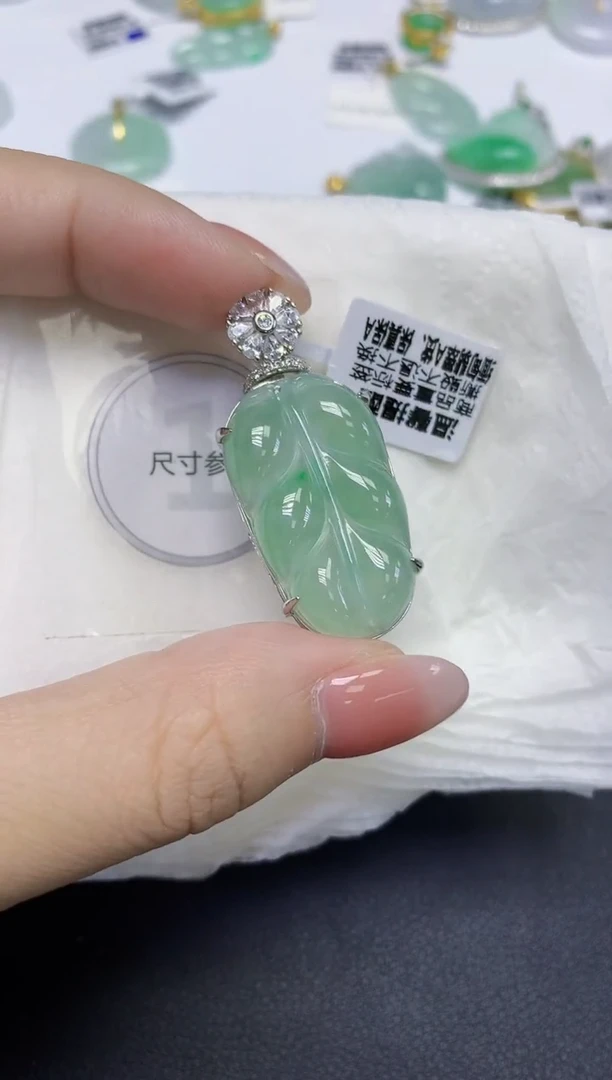 颈饰未镶嵌翡翠天然缅甸翡翠A货多样性发一件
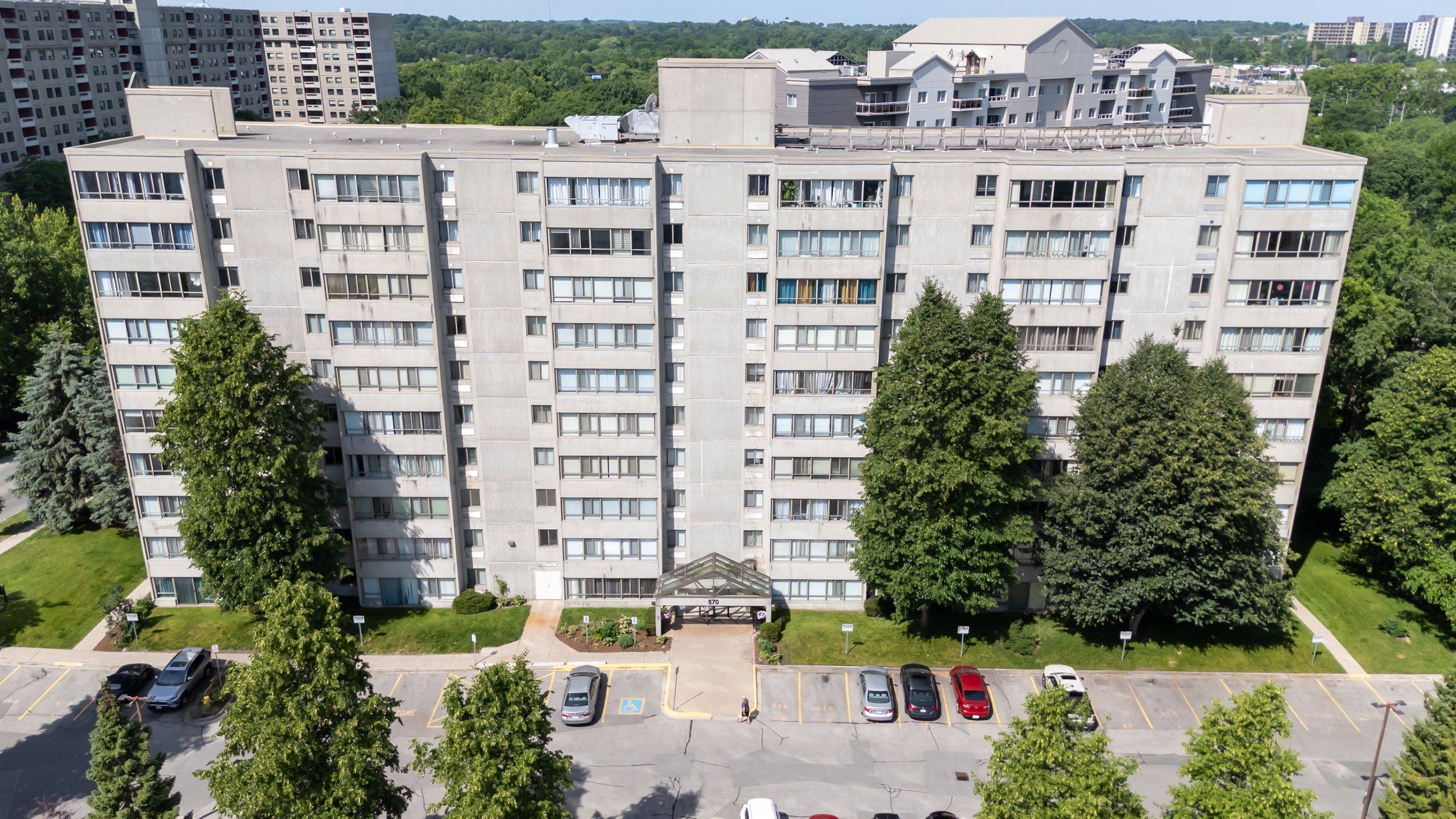 London North, ON N6G 4Z1,570 Proudfoot LN #604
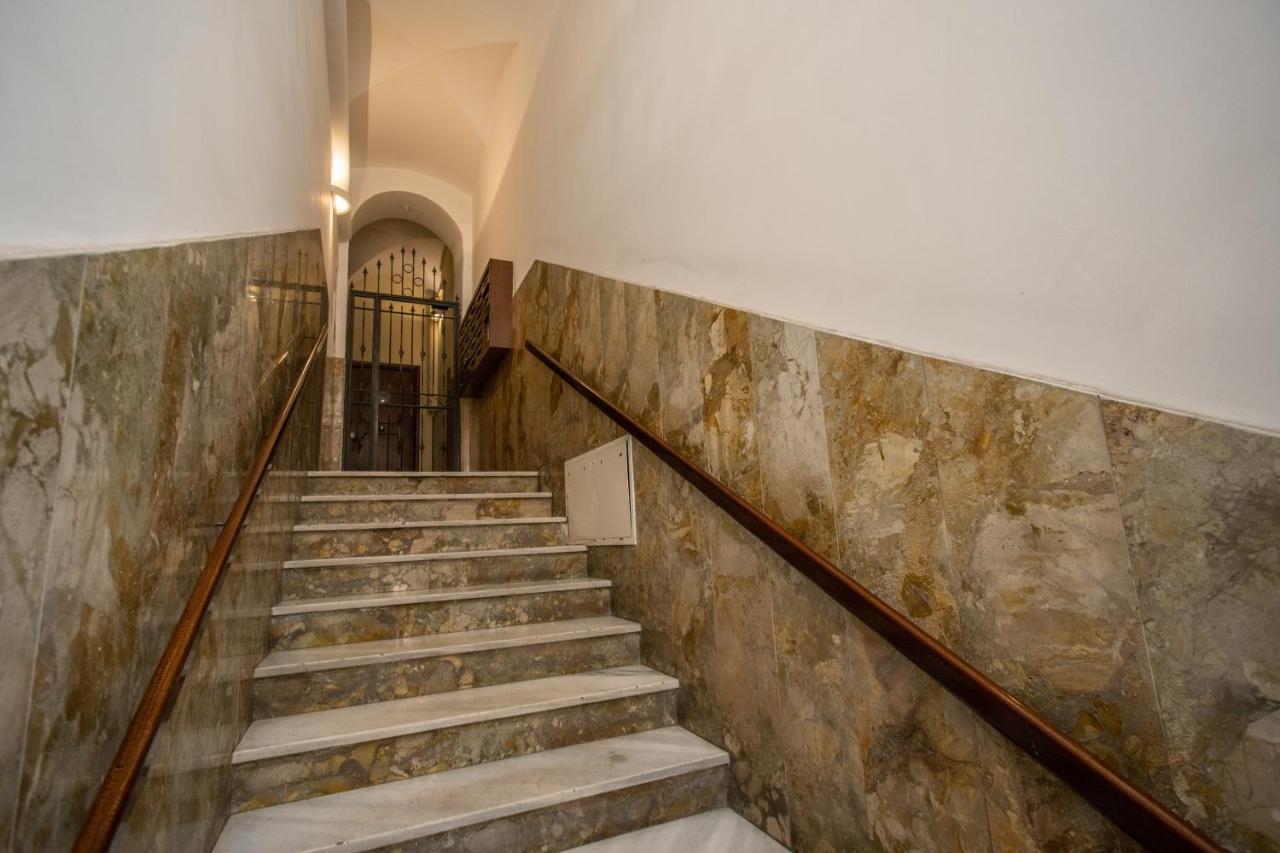 Fresh House Cavour Apartment Roma Ngoại thất bức ảnh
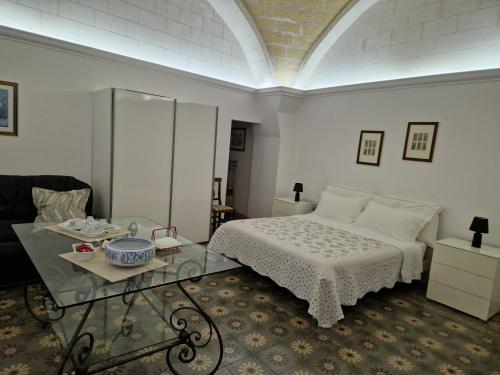 sypialnia z łóżkiem i szklanym stołem w obiekcie Jack Room w mieście Trinitapoli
▬▬▬▬▬▬
▶ _Exercise goal_:
Only the pictures may be dropped when you copy the data above; everything else stays exact.

▶ _Answer below_:
 颈饰未镶嵌翡翠天然缅甸翡翠A货多样性发一件
 London North, ON N6G 4Z1,570 Proudfoot LN #604
 Fresh House Cavour Apartment Roma Ngoại thất bức ảnh
 sypialnia z łóżkiem i szklanym stołem w obiekcie Jack Room w mieście Trinitapoli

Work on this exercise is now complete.